Discovering that a student of Hans Jørgen Jensen is on the roster of the cello competition in which you’re competing is a bit like finding out that Elon Musk just entered your seventh-grade science fair. The Northwestern University cello professor has been sculpting world-class musicians (and competition slayers) for decades — and is now releasing a stunning album showcasing their collective artistic agility.
shadow, echo, memory moves the cello choir beyond the well-worn David Popper oeuvre into more adventuresome territory, as with the title track — and album stand-out — by composer and Jensen student Michael van der Sloot. Echoes of water droplets striking a frozen terrain open the piece before a vapor of harmonics appear like sunlight through a crust of ice. (Sidebar for real talk: the reason we love listening to the cello is for that positively orgasmic open-C-string payoff, and van der Sloot delivers in spades after an alluring, microtonal solo with an apocalypse at 65.41Hz.)
Initially brought together to record an arrangement of Mahler’s “Adagietto” from his Symphony No. 5, captured here tenderly, the NU Cello Ensemble spent a year workshopping to transform into a bona fide chamber group rather than a menagerie of virtuosos. While the solo-led numbers of Joseph Johnson (Rachmaninov’s Vocalise), Richard Narroway (Aaron Jay Kernis’s Ballad), and Gabriel Cabezas (Fauré’s Après Un Rêve) are executed with penetrating phrase contours and immaculate tone, what steals the proverbial show on this record is the musical empathy and artistic symbiosis across the collective.

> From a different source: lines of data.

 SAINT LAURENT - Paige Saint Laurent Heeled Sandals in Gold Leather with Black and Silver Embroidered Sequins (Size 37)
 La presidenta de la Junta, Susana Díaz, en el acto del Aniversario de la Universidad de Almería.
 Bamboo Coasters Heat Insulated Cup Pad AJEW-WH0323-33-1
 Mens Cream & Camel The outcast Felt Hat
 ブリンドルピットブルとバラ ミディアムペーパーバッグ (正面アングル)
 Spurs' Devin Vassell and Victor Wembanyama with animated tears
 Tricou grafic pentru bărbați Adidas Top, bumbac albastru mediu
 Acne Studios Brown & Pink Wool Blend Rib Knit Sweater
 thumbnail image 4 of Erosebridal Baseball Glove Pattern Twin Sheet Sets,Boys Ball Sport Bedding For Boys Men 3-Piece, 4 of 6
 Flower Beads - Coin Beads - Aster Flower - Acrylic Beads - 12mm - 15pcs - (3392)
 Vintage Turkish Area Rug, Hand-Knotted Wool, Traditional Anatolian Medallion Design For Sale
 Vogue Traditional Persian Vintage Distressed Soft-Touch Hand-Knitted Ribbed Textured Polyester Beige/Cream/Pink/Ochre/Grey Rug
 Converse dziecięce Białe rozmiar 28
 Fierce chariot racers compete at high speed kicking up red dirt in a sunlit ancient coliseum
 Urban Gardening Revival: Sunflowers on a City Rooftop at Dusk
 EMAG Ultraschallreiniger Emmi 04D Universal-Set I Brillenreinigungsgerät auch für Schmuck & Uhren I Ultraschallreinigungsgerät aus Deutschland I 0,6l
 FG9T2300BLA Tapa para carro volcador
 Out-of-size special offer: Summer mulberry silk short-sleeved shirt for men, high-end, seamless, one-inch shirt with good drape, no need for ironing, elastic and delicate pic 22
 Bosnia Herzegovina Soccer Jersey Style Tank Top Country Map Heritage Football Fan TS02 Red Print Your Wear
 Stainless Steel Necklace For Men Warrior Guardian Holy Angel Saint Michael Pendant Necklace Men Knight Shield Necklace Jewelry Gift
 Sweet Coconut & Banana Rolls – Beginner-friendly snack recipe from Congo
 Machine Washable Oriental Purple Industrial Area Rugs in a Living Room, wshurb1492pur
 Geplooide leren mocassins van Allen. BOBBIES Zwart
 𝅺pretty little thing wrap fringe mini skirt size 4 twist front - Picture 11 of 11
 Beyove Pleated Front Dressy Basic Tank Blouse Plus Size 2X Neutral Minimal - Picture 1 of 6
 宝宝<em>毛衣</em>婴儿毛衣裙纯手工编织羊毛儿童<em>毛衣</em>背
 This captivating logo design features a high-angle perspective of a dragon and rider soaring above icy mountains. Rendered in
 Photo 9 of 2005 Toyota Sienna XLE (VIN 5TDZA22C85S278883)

Nowhere is this more apparent than with Hans Thomalla’s "Intermezzo" (excerpted from his opera Fremd), and György Ligeti’s Lux Aeterna. Thomalla’s often translucent music requires the steadiest of hands and most elegant of blends, and here the NU cellists fuse into a unblurred pane of sonic glass. Facets of light are also in play for the seamless harmonic mutations of the Ligeti — a work so elegantly constructed, and rapturously performed, that it is as an effective a musical salve for the events of the past week as any this listener has found.